Exercise prompt =
Your task is to print all of the entries exactly, though the pictures should not be included.

Extracted material =
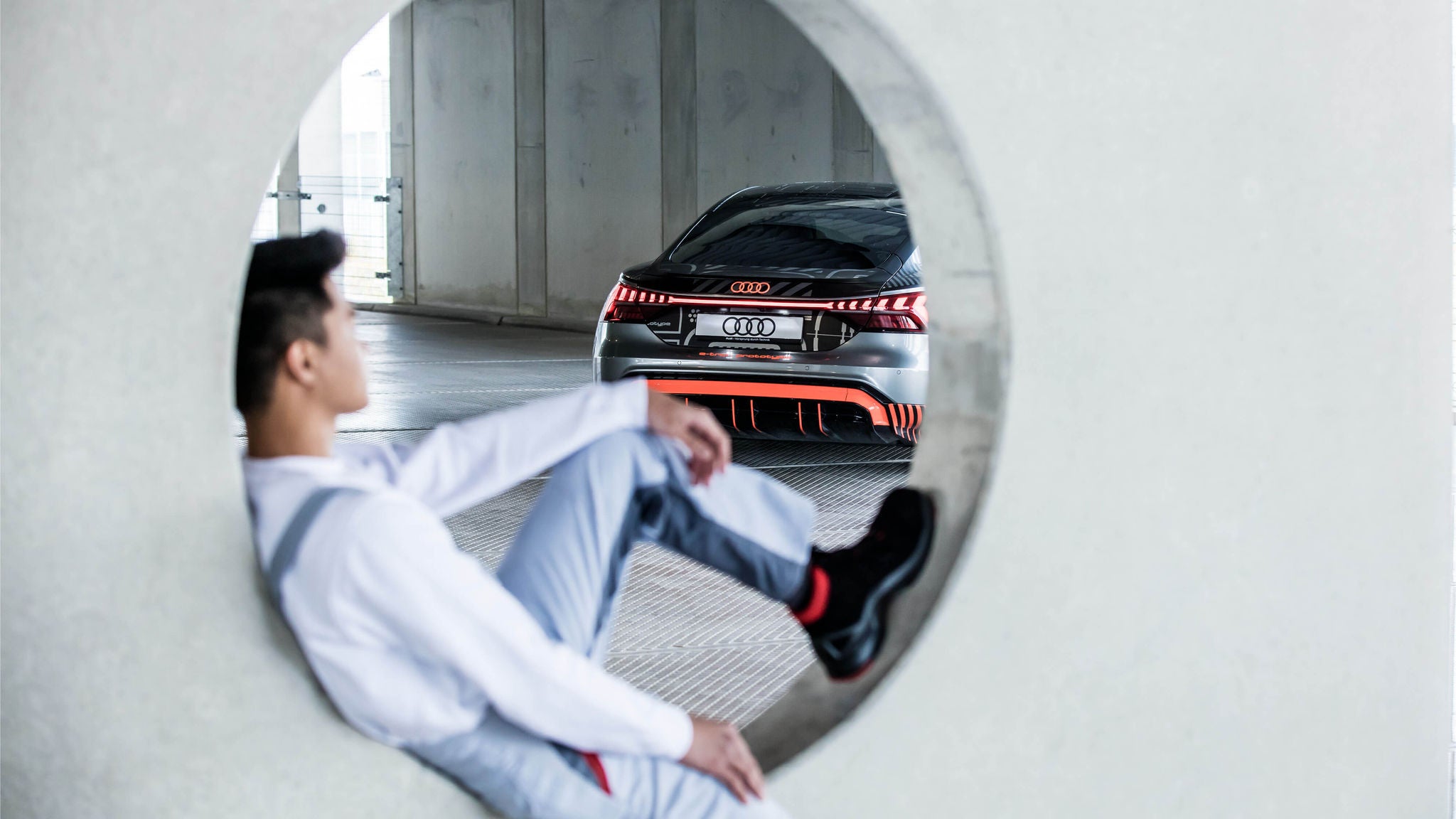 Mann sitzt in Betonöffnung und blickt auf parkenden Audi mit leuchtendem Rücklicht.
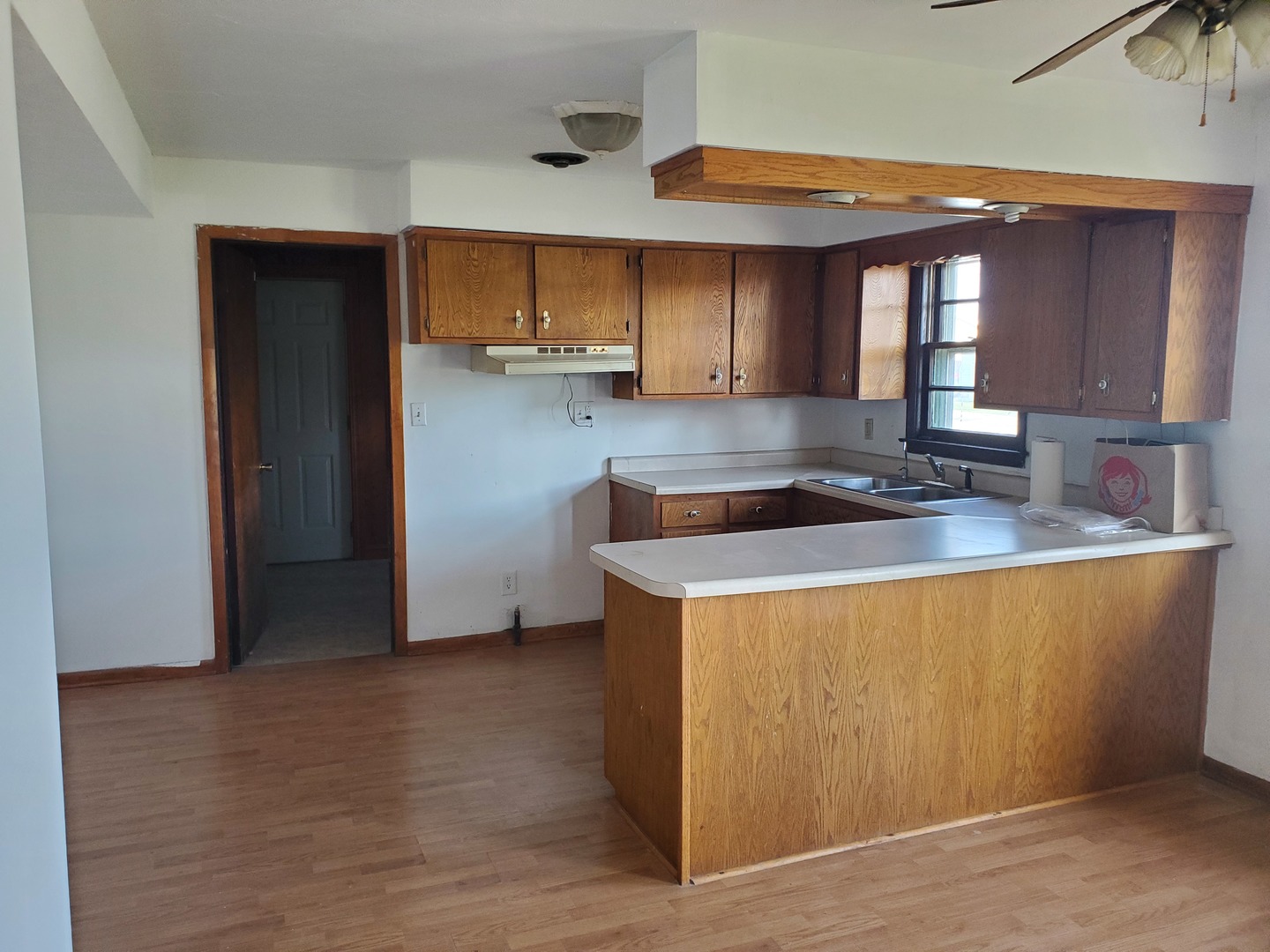 191 East 2740s Road Kankakee, IL 60901 - Photo 3 of 10 a kitchen with stainless steel appliances a sink stove and cabinets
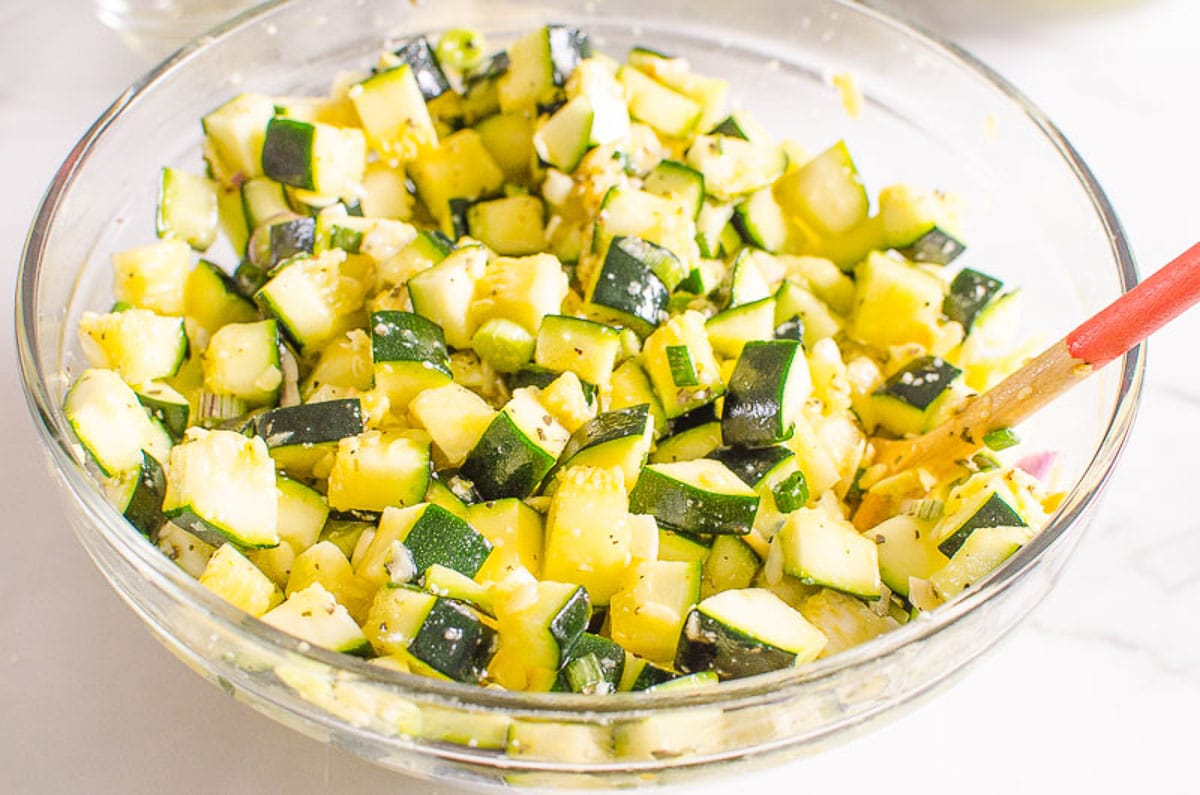 Chopped zucchini being tossed in a bowl with cheese and herb mixture.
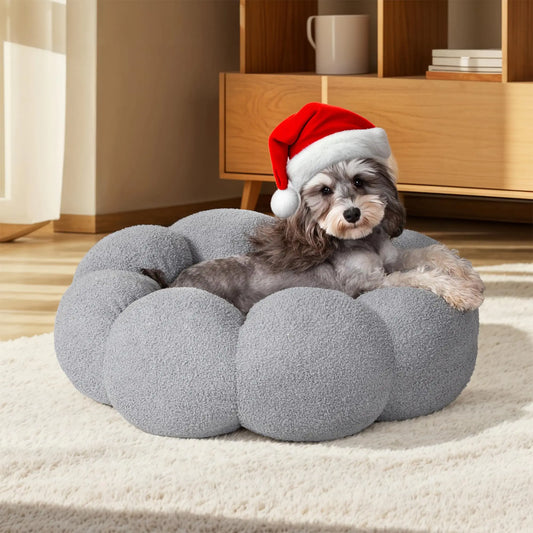 Cozy grey dog bed with cloud design – small dog wearing Christmas Santa hat resting on soft round pet cushion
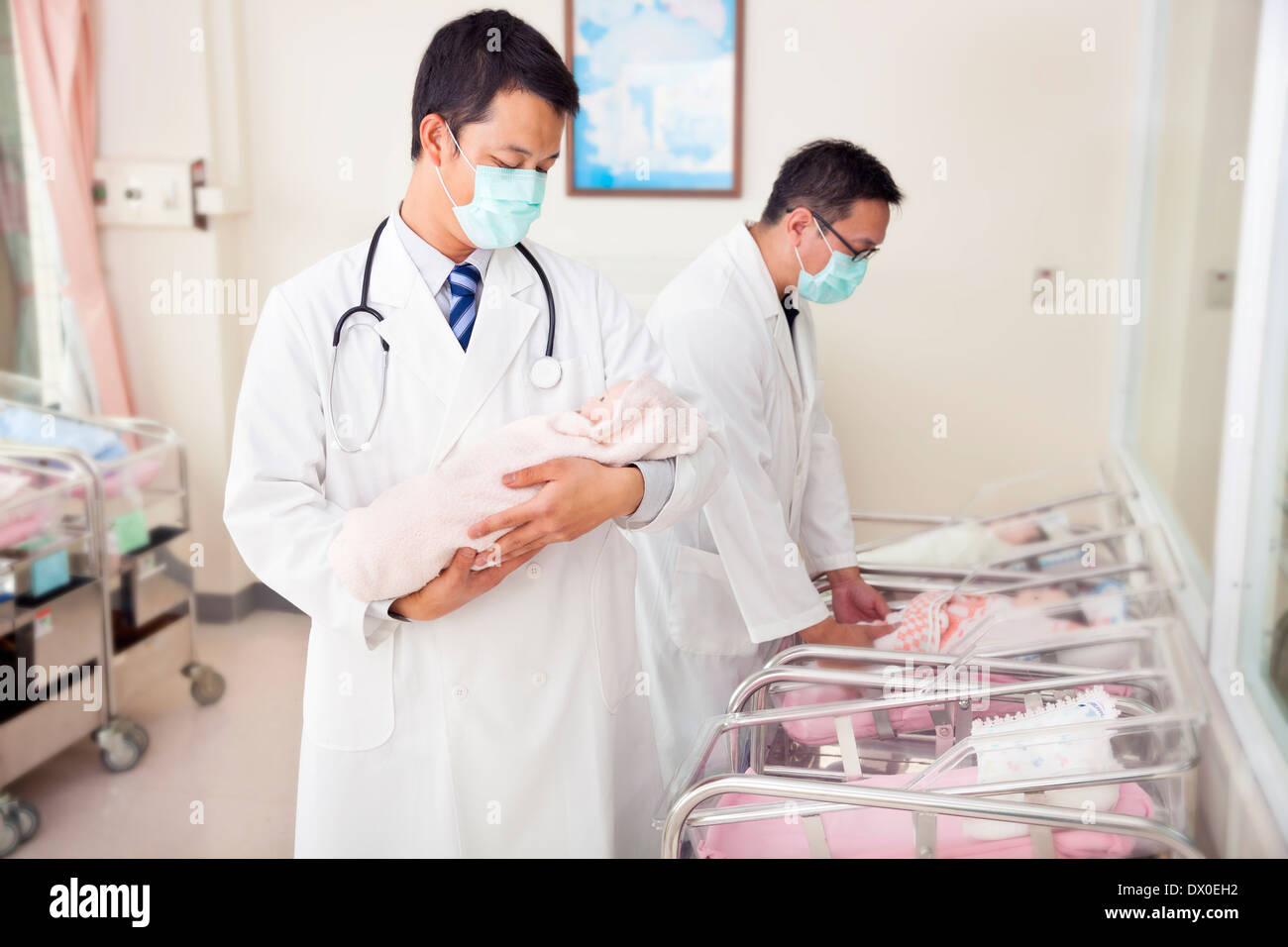 gynecologist doctor holding a fake newborn baby in hospital Stock Photo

Answer for this exercise =
 Mann sitzt in Betonöffnung und blickt auf parkenden Audi mit leuchtendem Rücklicht.
 191 East 2740s Road Kankakee, IL 60901 - Photo 3 of 10 a kitchen with stainless steel appliances a sink stove and cabinets
 Chopped zucchini being tossed in a bowl with cheese and herb mixture.
 Cozy grey dog bed with cloud design – small dog wearing Christmas Santa hat resting on soft round pet cushion
 gynecologist doctor holding a fake newborn baby in hospital Stock Photo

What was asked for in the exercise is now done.